## [DATA PROVIDED]

:::

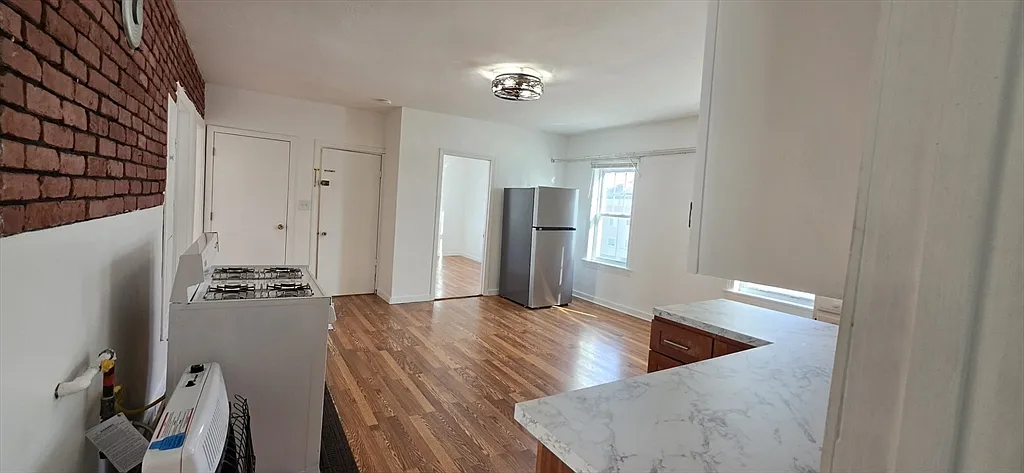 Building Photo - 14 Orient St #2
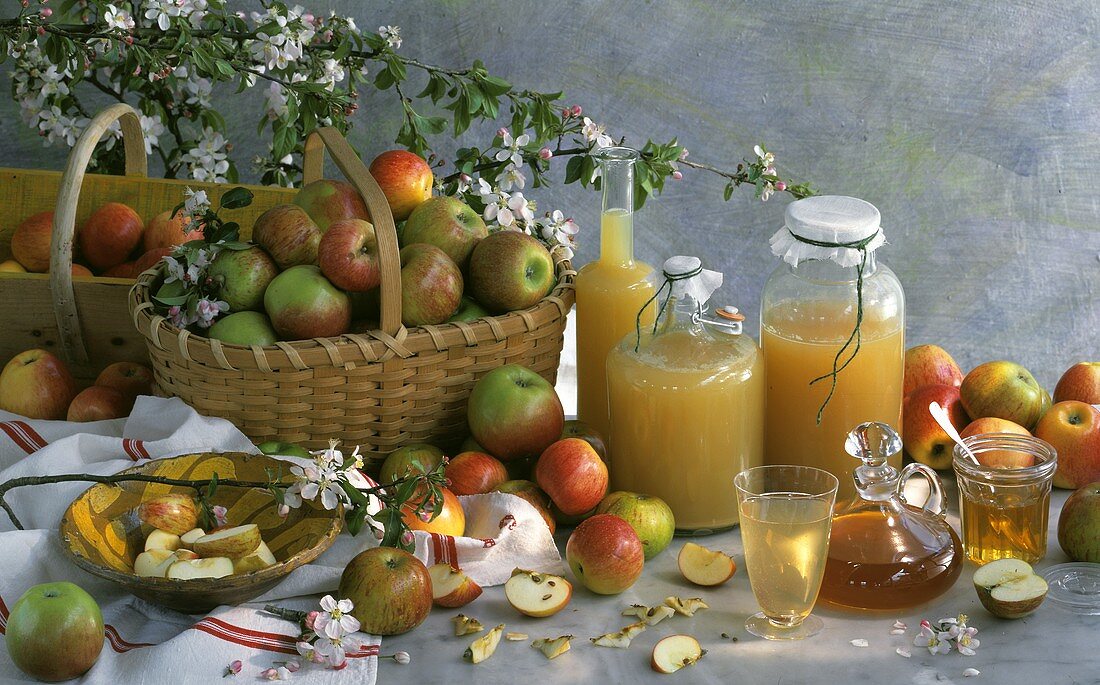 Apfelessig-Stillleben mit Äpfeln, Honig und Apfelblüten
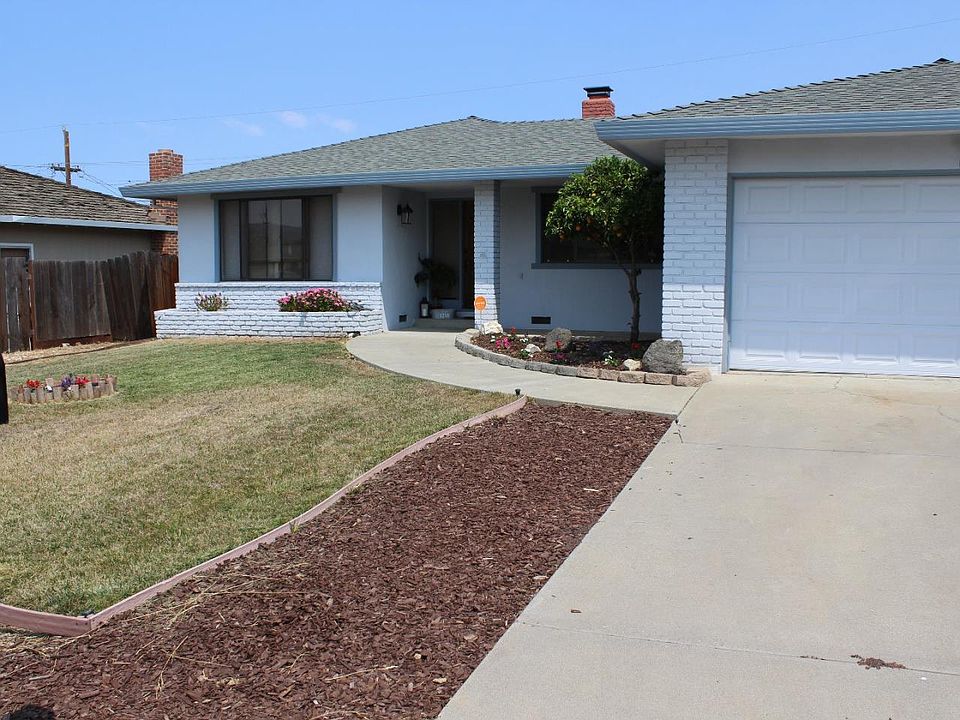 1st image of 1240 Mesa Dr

:::

## [EXERCISE REQUIREMENTS]
Every line of the data above should be repeated exactly. Omit the pictures.

## [SOLUTION]
 Building Photo - 14 Orient St #2
 Apfelessig-Stillleben mit Äpfeln, Honig und Apfelblüten
 1st image of 1240 Mesa Dr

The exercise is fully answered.